Hi there.
it’s my first time posting here so i’m not sure what the structure of my post should be like hope it’s alright
I’m trying to train an agent with mlagents and i want to teach it shooting arrows. it’s a simple agent with two discrete actions:
- rotating action which can have 5 values. 0 for doing nothing 1 for rotating right 2 for rotating left 3 for rotating spine upwards 4 for rotating spine downwards.
- shooting action that can have 2 values: 0 for not shooting and 1 for shooting.
there’s also two observations for the agent:
-
the angle difference between the vector that goes from the shooting position towards the center of the target and the vector that shows the current aiming direction. it’s a normalized value so if the agent’s body orientation is such that it aims towards the target, this observation is close to 0 and if it’s aiming towards the exact opposite direction it’s close to 1.
-
a boolean observation which is true when the ray that starts from the arrow spawn position and goes towards where the agent is aiming, hits the target.
so basically we have a float observation between 0 and 1 and another observation that is only true when the agent is aiming correctly and if it shoots, it would hit the target.
the reward system is such that the agent gets -0.001f reward every step to encourage it not to stop and do nothing. also it has a 2000 maxstep limit to end the episode incase the agent opts to do random things and not shoot. after shooting, if it hits the target, the agent’s reward is set to 1. otherwise, it gets a negative reward that is calculated like so : (-1) * the value of the second observation. lastly, it also gets a +0.001f reward if it is rotating such that the value of the second observation is getting closer to 0 effectively making it not get any negative or positive rewards when it’s rotating towards the goal.

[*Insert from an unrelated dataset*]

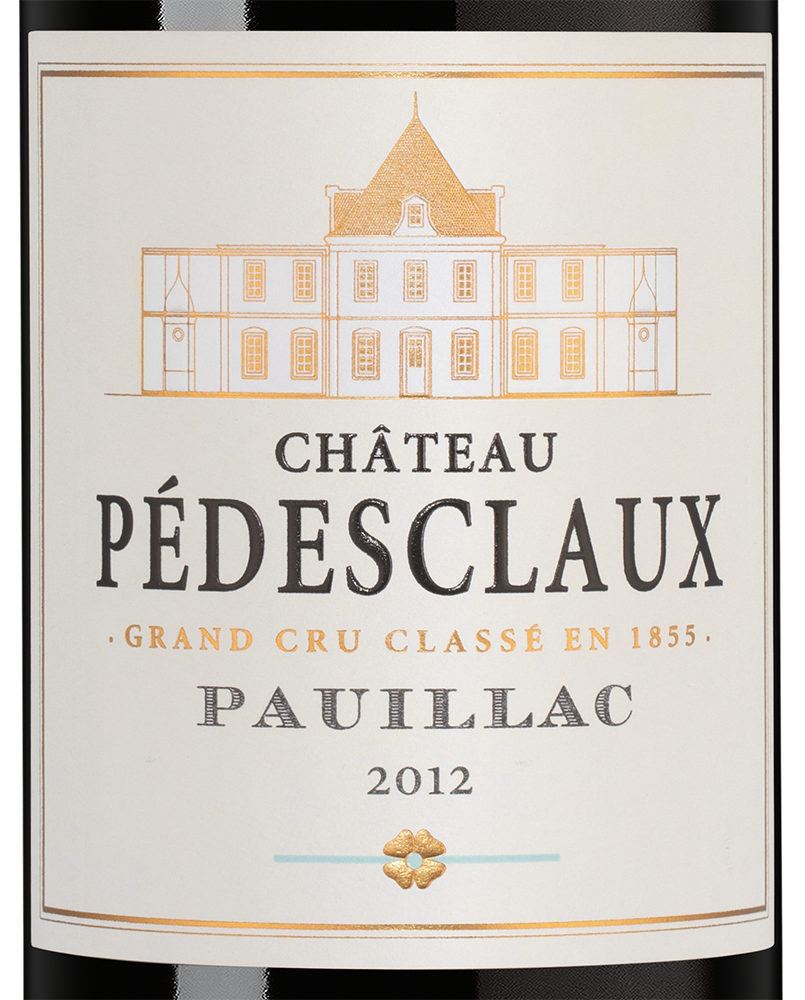Вино Chateau Pedesclaux, 2012, (159030), Франция, Бордо, красное, сухое, 0.75 л, Шато Педескло, цена 13490 рублей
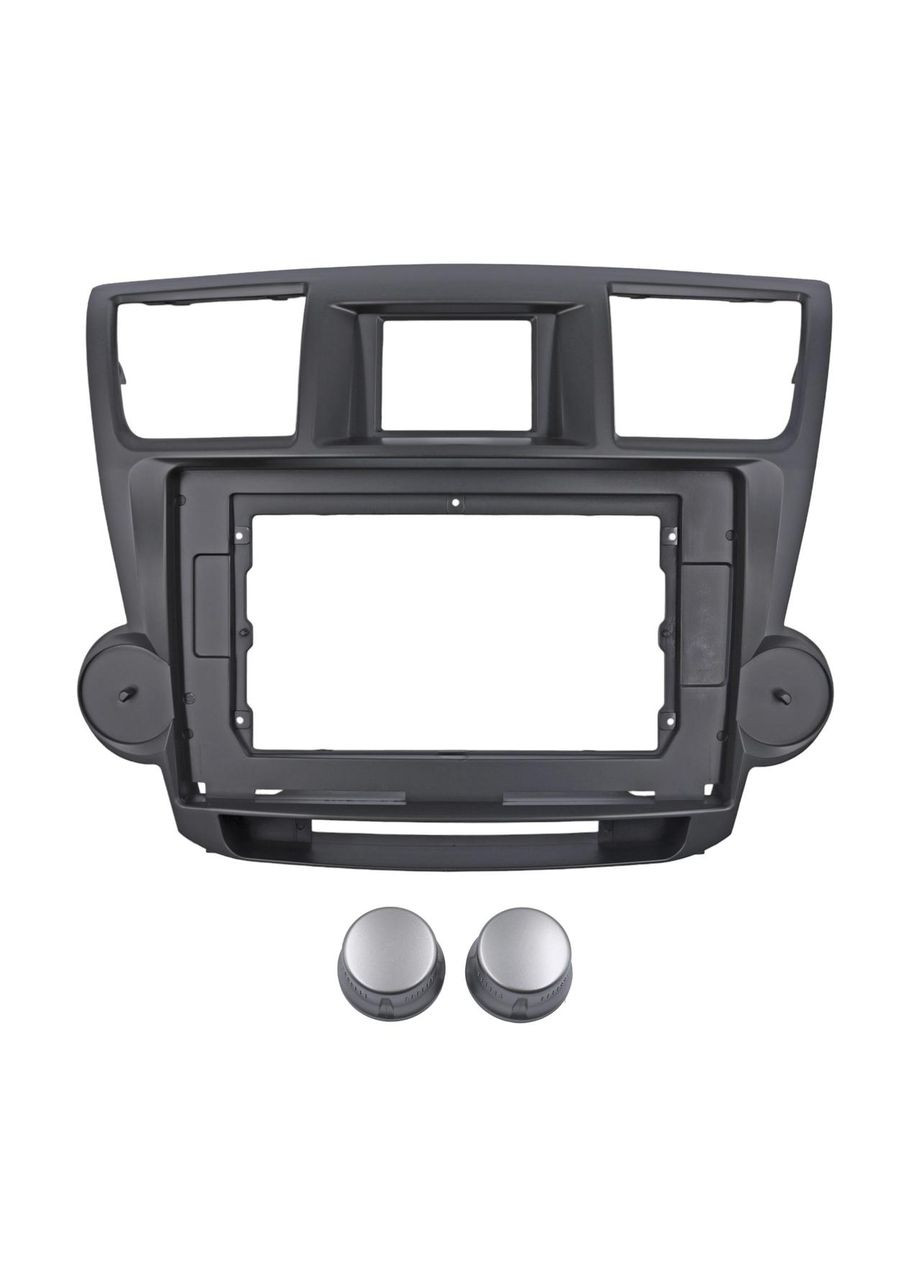 Перехідна рамка серії QBRF 0417-06 для Toyota Highlander 2 XU40 2007-2013 Kluger 2008-2014 (F1) 10 дюймів QIV (299903328)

i’m training the agent with reinforcement learning alone and not using things like gail and bahavior cloning(which i tried and didn’t get good results with) but after about 3.5 million steps, the agent just chooses the 0 value from both actions and as a result it stays doesn’t really do anything. this has been the case for about 500 thousand steps and it happened every time i tried retraining the agent.
I think that it might be difficult for the agent to learn how to shoot towards the target with these observations alone but at the same time i would expect it to learn the behavior regardless and do so in higher number of iterations.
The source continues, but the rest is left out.